Comme tout assassin, Jusqu’à la garde est un film froid, qui conserve la maîtrise de son dessein, implacable jusqu’à la foi. Dominatrice et rigoureuse, son ouverture expose le discours de chaque camp, un crapaud et une grenouille d’un côté, deux anges blessés de l’autre, pour un effet de halo dont nous, spectateurs, devrons juger s’il est traître. Passé le temps de la parole publique, les ternes lumière de la ville nous sortent de l’office de la juge et nous voici faits enquêteurs, voisins indélicats observant l’interdit familial par l’interstice d’une porte privée.

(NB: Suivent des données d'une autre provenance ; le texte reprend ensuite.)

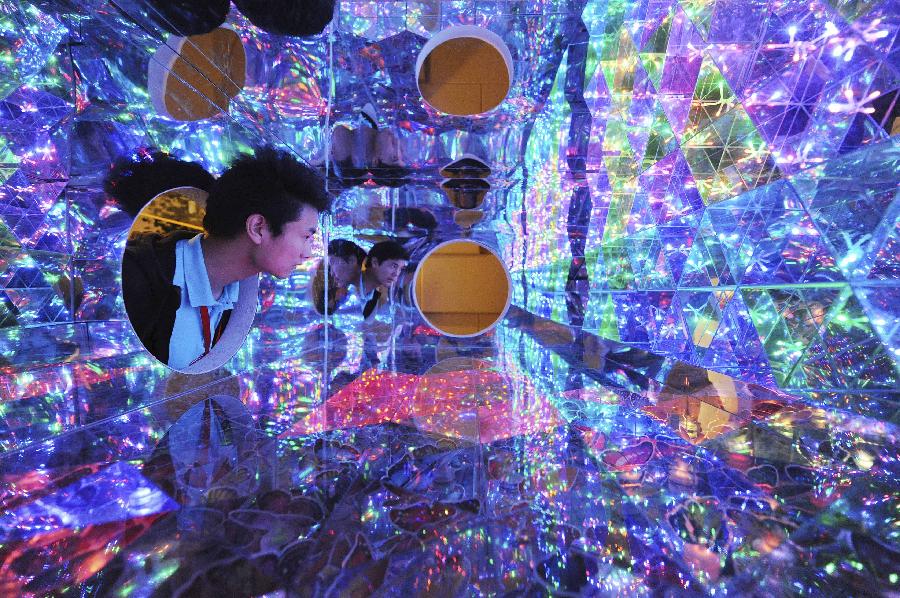 A staff member tests a device at the Believe It Or Not Museum in Shanghai, east China, April 10, 2013. Believe It Or Not Museum, as a world renowned tourism project, attracted numbers of visitors around the globe with its unbelievable and amazing devices and scenes. The museum in Shanghai is expected to open to visitors in late April. (Xinhua/Lai Xinlin) 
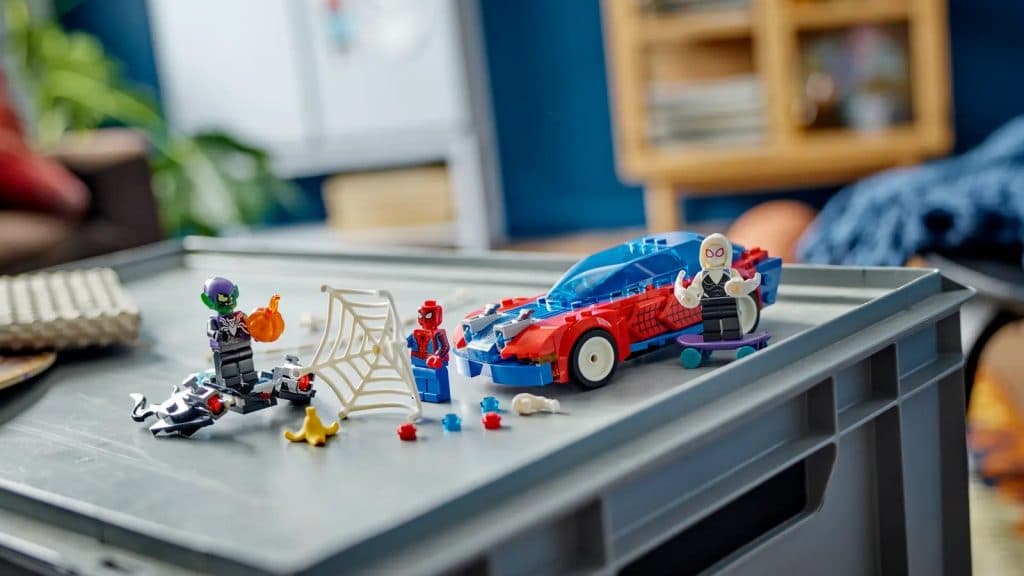 Ensemble LEGO Marvel La voiture de course de Spider-Man contre le Bouffon Vert venomisé – 76279 de 2024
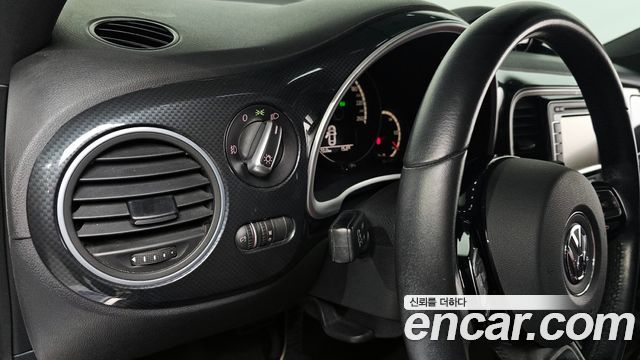 Volkswagen Beetle 2.0 TDI Premium 3rd 2013 — фото 17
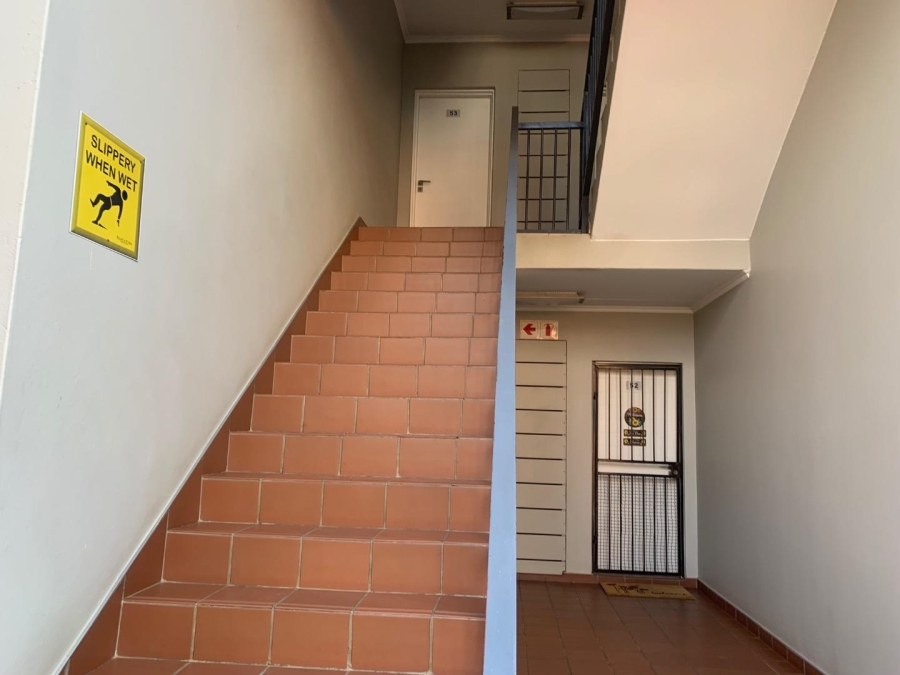 2 Bedroom Property for Sale in Oakdene Gauteng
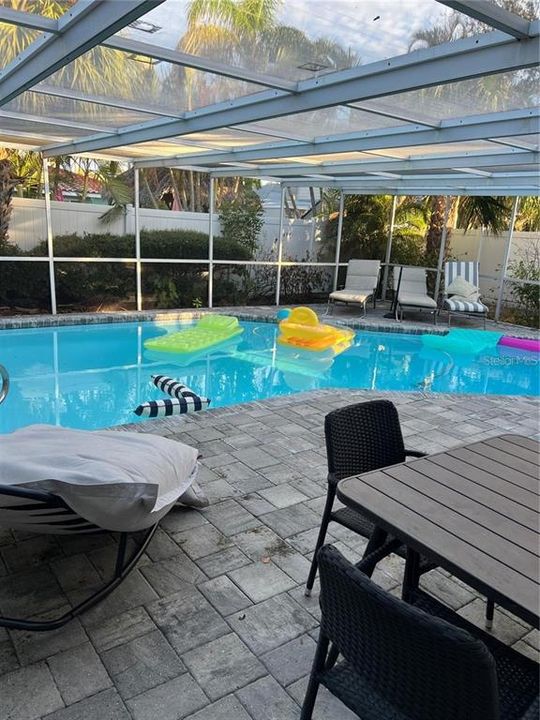 出租: $6,500 (3 贝兹, 3 浴室, 2109 平方英尺)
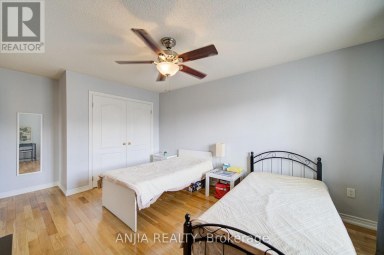 38 HARPER'S GATE WAY Whitchurch-Stouffville (Stouffville) Ontario photo 22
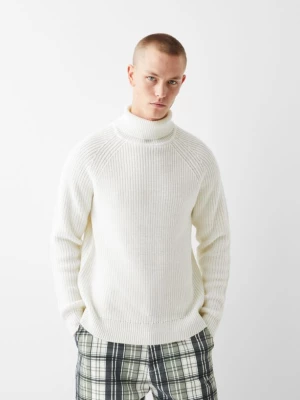 Bershka Gruby Sweter Z Golfem Z Materiału O Fakturze Flauszu Mężczyzna Biały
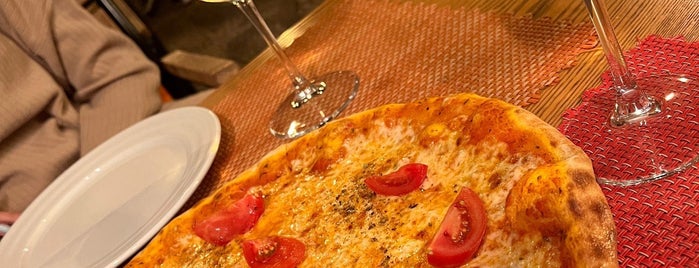 Gazetta Brasserie - Pizzeria is one of Restoran - Dünya Mutfağı- Pizza- Şarap Evi.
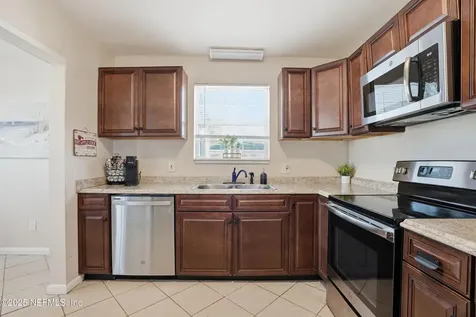 7074 Barkwood Drive Jacksonville FL 32277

Ce sont un père et une mère qui s’affrontent et de leurs joutes devront naître des indices que nous collecterons, patiemment et le souffle interdit par un voyeurisme qui taira toujours son nom. Ici, une mère ment, manipule ses enfants, refuse les décisions de justice, cache un amant. Là, un père ne renonce à être victime que dans quelques coups portés dans des sièges, une exigence de vérité au ton brutal et finit systématiquement par se révéler doux et conciliant. Plus les faits sèment leur faisceau de preuves, plus la vérité de ce père juste, mais meurtri par une femme à la paranoïa froide, se dresse.

Toute l’intelligence du film est ici, qui réside à s’effacer pour mieux exiger la notre et nous contraindre à exercer notre analyse sans effets ni esbroufes cinématographiques parasites. Toute sa bêtise est dans sa fin, interdisant dans le feu et l’acier tout exercice définitif de la pensée, pour la substituer aux conclusions néoféministes les plus insanes. Générique silencieux pour tout tribunal où se voit gravé l’idée qu’un homme ne peut poursuivre une quête de droiture que pour justifier ses névroses et sa bestialité, lorsqu’une femme ne se montre jamais vile que pour s’en prémunir. La messe est dite et la réconciliation impossible.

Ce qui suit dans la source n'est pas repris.